---------- Record set

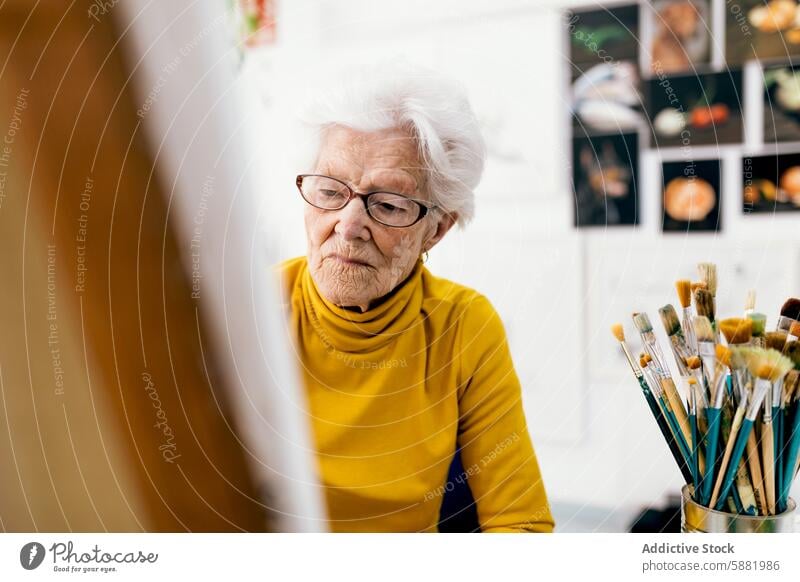 Elderly woman painting in her art studio senior brush creativity elderly mature yellow turtleneck focused hobby glasses workshop canvas experience artistic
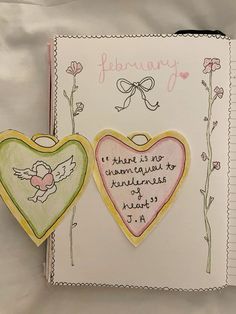 two heart shaped cookies sitting on top of a white paper covered book with words written in it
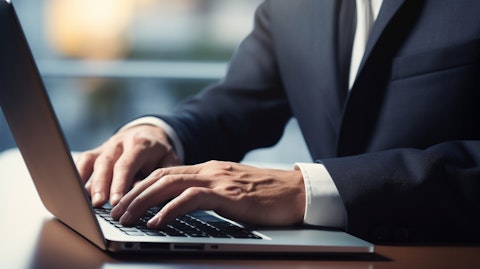 A close-up of a senior executive in a suit, typing away on a laptop to complete the latest investments in debt securities and equity interests.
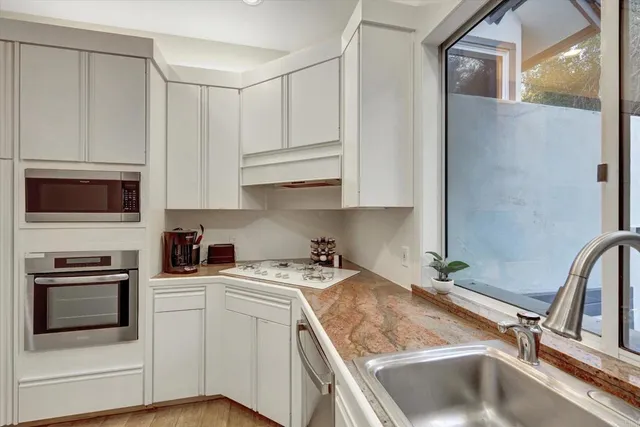 a kitchen with granite countertop a sink stainless steel appliances and cabinets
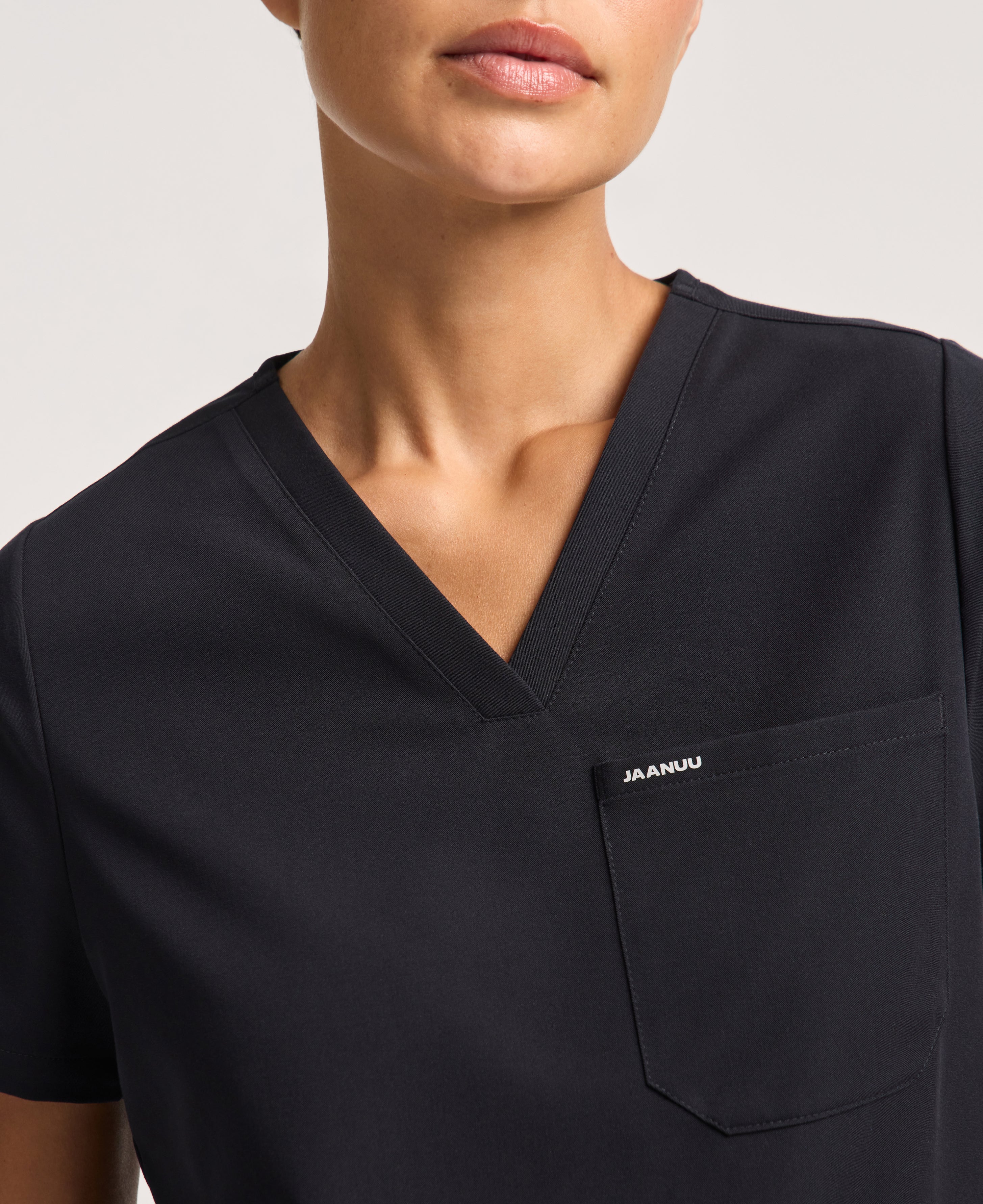 Jaanuu Rhena 1-Pocket Scrub Top in Black, product photo 4 of 6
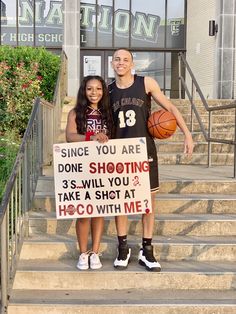 a man and woman standing on steps holding signs that read, since you are done shooting 3s will you take a shot at hoco with me?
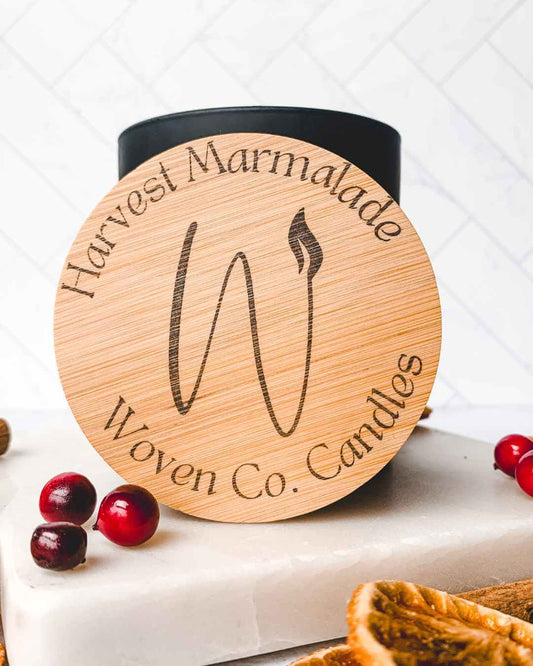 Candle with wooden lid featuring 'Harvest Marmalade Woven Co. Candles' branding. Candle with wooden lid featuring 'Harvest Marmalade Woven Co. Candles' branding.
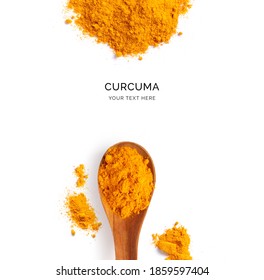 Creative layout made of turmeric powder and wood spoon on a white background. Top view.  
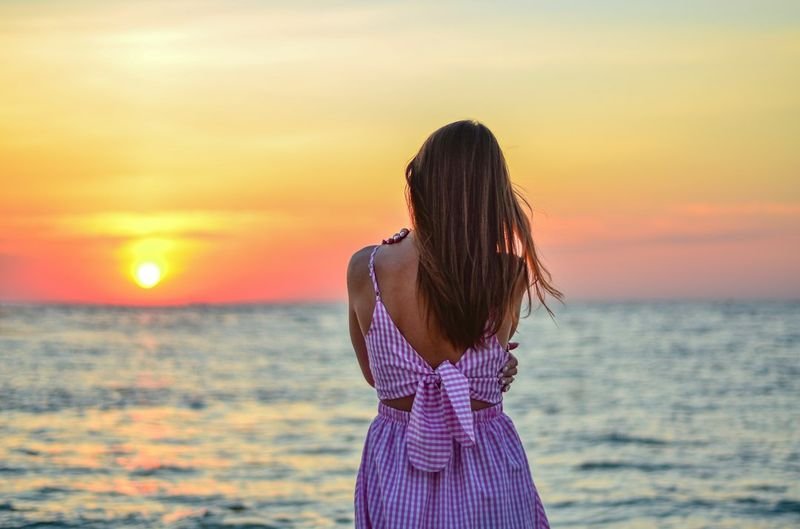 Woman tying a sarong wrap dress knot securely at the waist on the beach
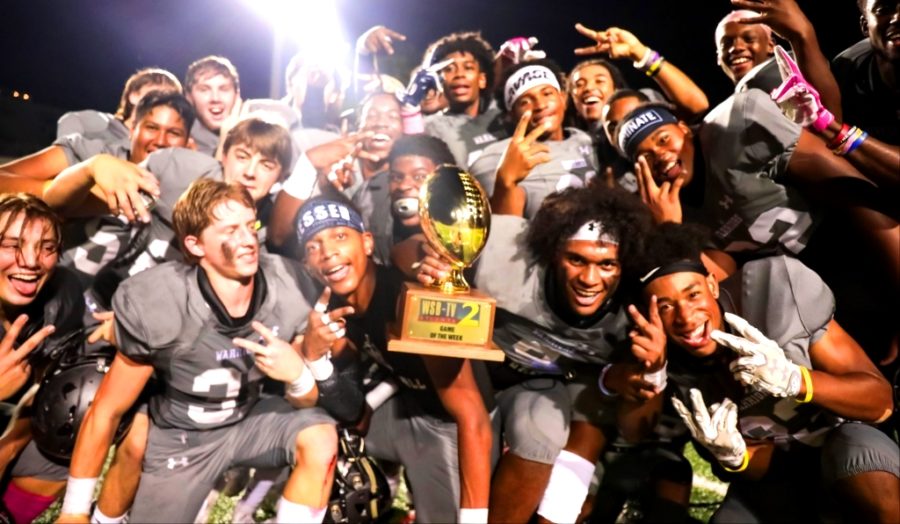 Hoco+Heaven%3A+Holding+aloft+the+WSB+Game+of+the+Week+trophy%2C+Warrior+players+celebrate+their+42-28+homecoming+game+victory+over+Northview.+Cady+Studios+%0A%0A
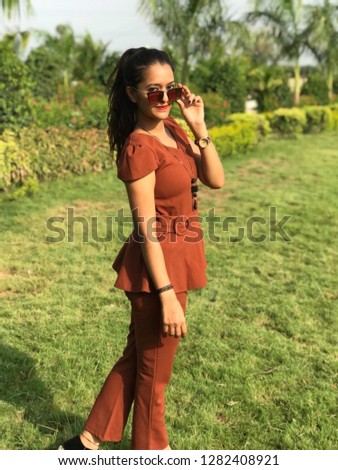 Beautiful Young girl smiling while  taking selfshot in garden.
 or selfy picture on digital photo camera or mobile phone in the garden
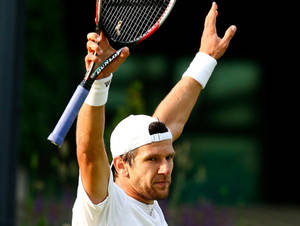 Jurgen Melzer With Raised Arms Wallpaper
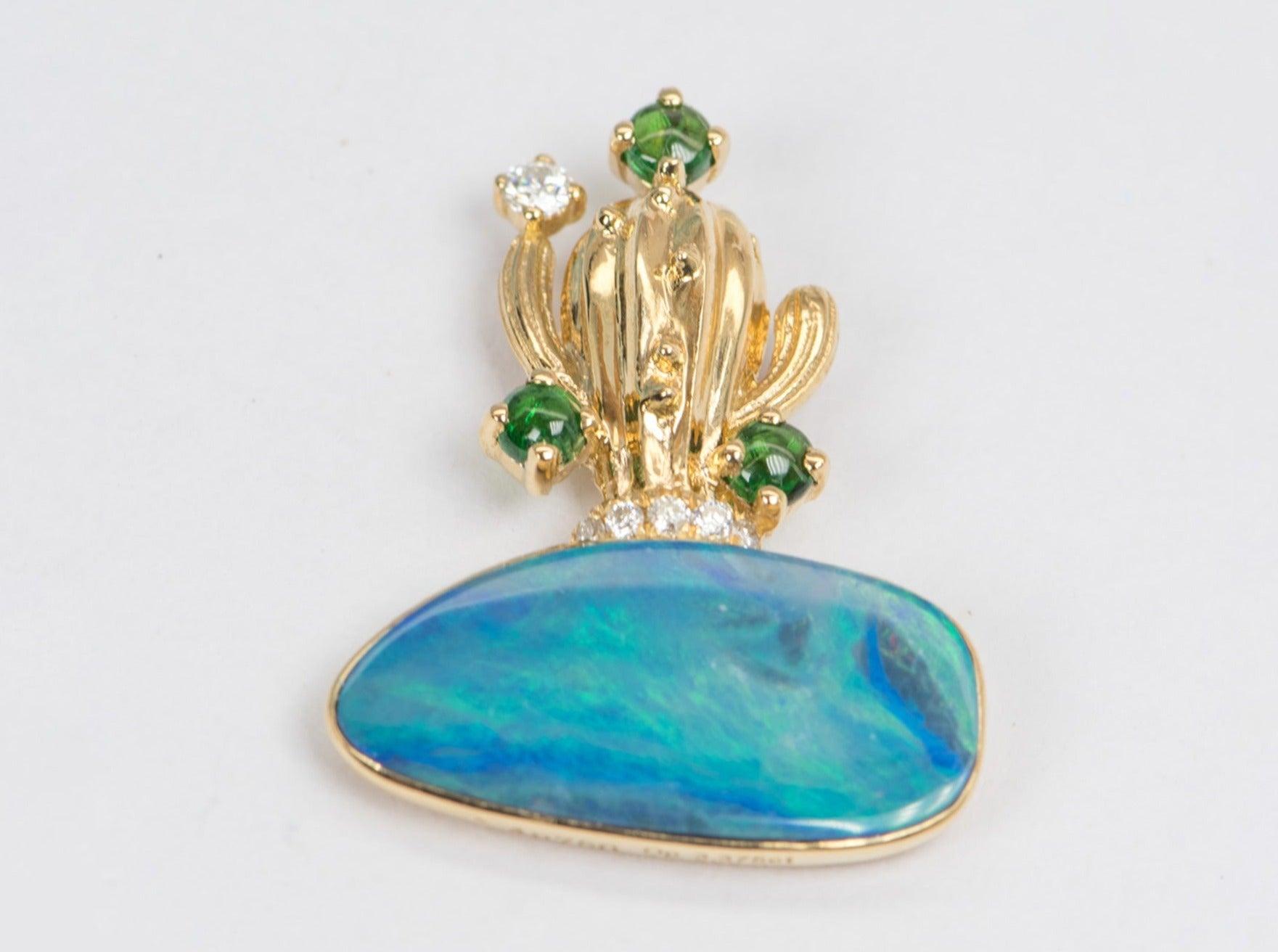 ♥ Solid 18k yellow gold cactus pendant set with a beautiful doublet Australian Opal, moissanites, and tsavorites
♥ Gorgeous blue color!
♥ The item measures 24.7 mm in length, 19.1 mm in width, and is 5.6 mm thick

♥ Gemstone: Opal, 3.37t;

--------------------

_Exercise description:_ Without any pictures, print the whole listing again exactly as it stands.

_Solution:_
 Elderly woman painting in her art studio senior brush creativity elderly mature yellow turtleneck focused hobby glasses workshop canvas experience artistic
 two heart shaped cookies sitting on top of a white paper covered book with words written in it
 A close-up of a senior executive in a suit, typing away on a laptop to complete the latest investments in debt securities and equity interests.
 a kitchen with granite countertop a sink stainless steel appliances and cabinets
 Jaanuu Rhena 1-Pocket Scrub Top in Black, product photo 4 of 6
 a man and woman standing on steps holding signs that read, since you are done shooting 3s will you take a shot at hoco with me?
 Candle with wooden lid featuring 'Harvest Marmalade Woven Co. Candles' branding. Candle with wooden lid featuring 'Harvest Marmalade Woven Co. Candles' branding.
 Creative layout made of turmeric powder and wood spoon on a white background. Top view.  
 Woman tying a sarong wrap dress knot securely at the waist on the beach
 Hoco+Heaven%3A+Holding+aloft+the+WSB+Game+of+the+Week+trophy%2C+Warrior+players+celebrate+their+42-28+homecoming+game+victory+over+Northview.+Cady+Studios+%0A%0A
 Beautiful Young girl smiling while  taking selfshot in garden.
 or selfy picture on digital photo camera or mobile phone in the garden
 Jurgen Melzer With Raised Arms Wallpaper
 ♥ Solid 18k yellow gold cactus pendant set with a beautiful doublet Australian Opal, moissanites, and tsavorites
♥ Gorgeous blue color!
♥ The item measures 24.7 mm in length, 19.1 mm in width, and is 5.6 mm thick

♥ Gemstone: Opal, 3.37t;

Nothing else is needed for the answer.